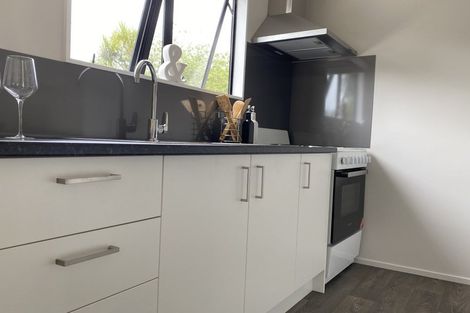 Photo of property in 3 Lowell Place, Massey, Auckland, 0614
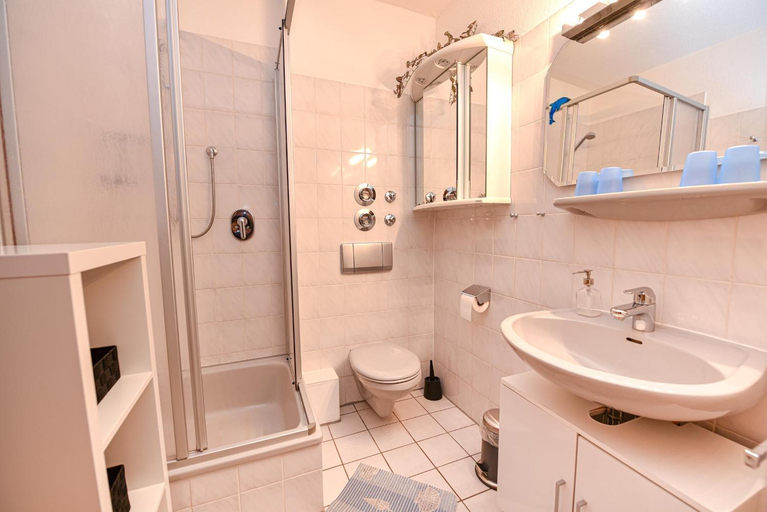 Bathroom, "Residenz Passat" Appartement PT37 45, Cuxhaven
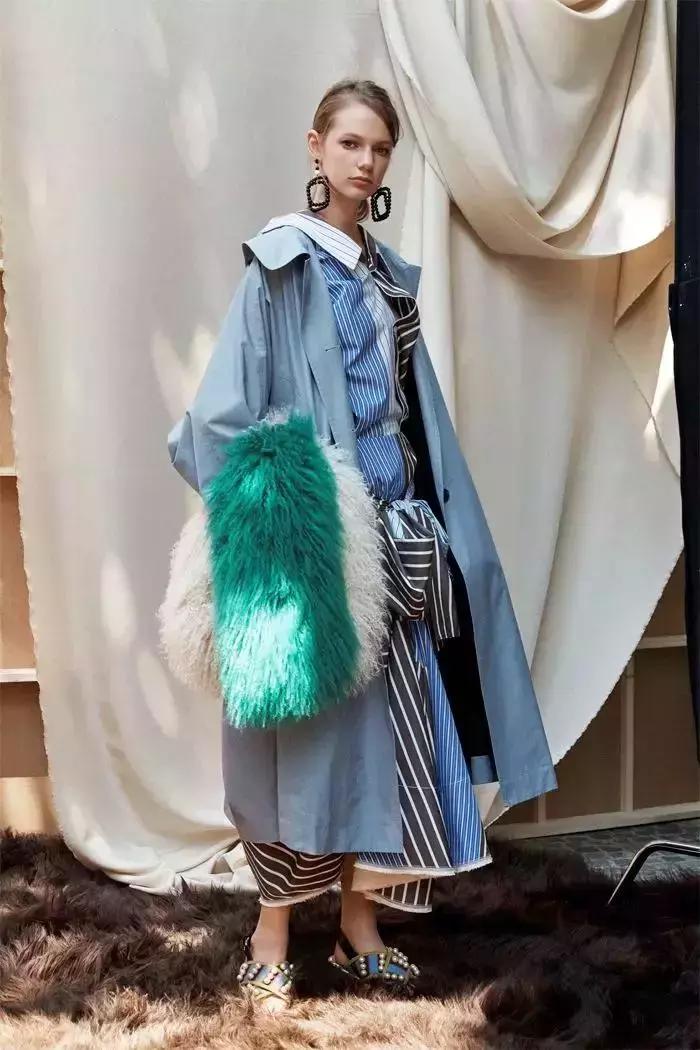 秋天买什么颜色风衣,冬天怎么挑选风衣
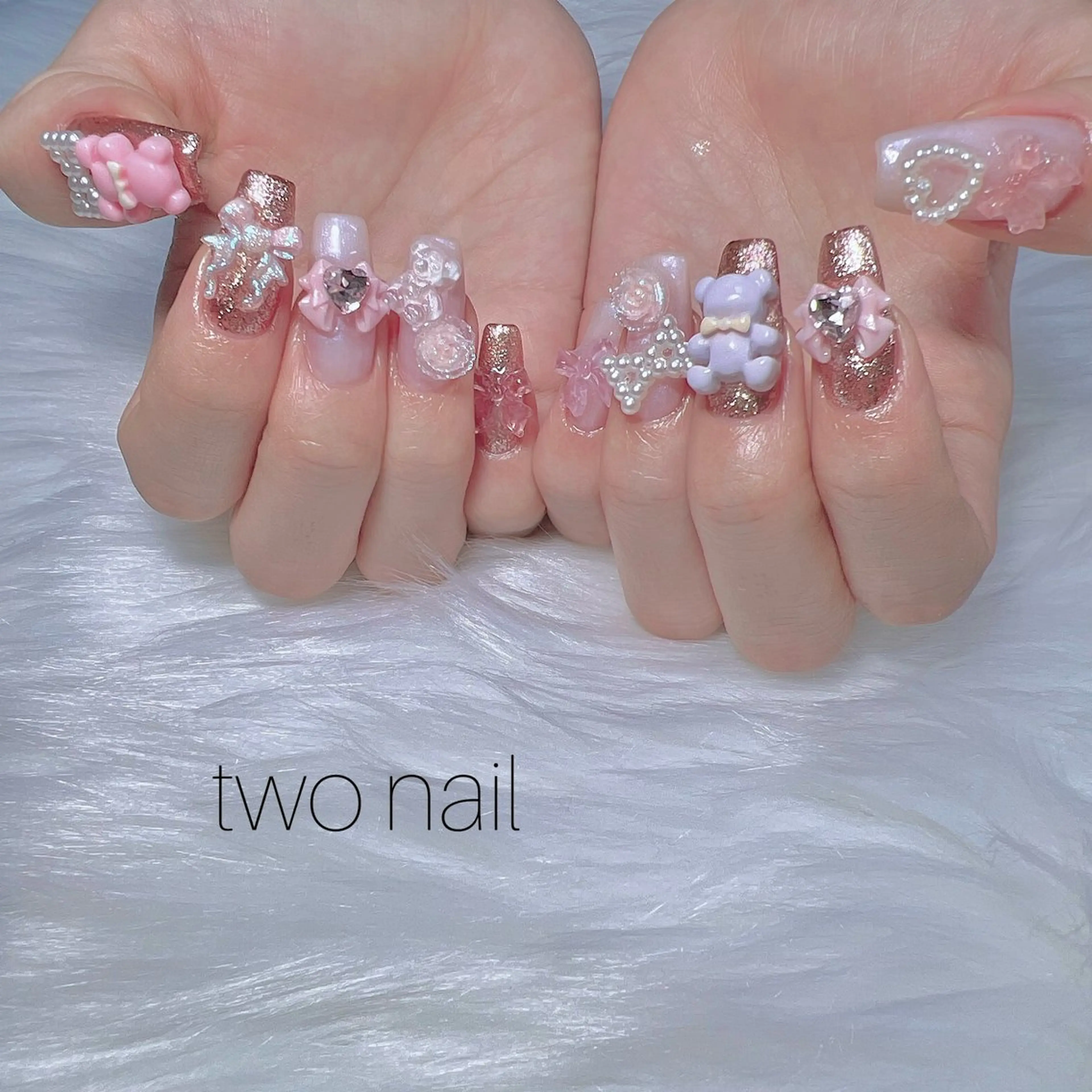 ネイル オーロラネイル 持ち込み ネイルチップ ホワイト ハンドネイル two nailのネイルデザイン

Prompt
Go through the material above and repeat it exactly. Omit the pictures.

Solution to this problem
 Photo of property in 3 Lowell Place, Massey, Auckland, 0614
 Bathroom, "Residenz Passat" Appartement PT37 45, Cuxhaven
 秋天买什么颜色风衣,冬天怎么挑选风衣
 ネイル オーロラネイル 持ち込み ネイルチップ ホワイト ハンドネイル two nailのネイルデザイン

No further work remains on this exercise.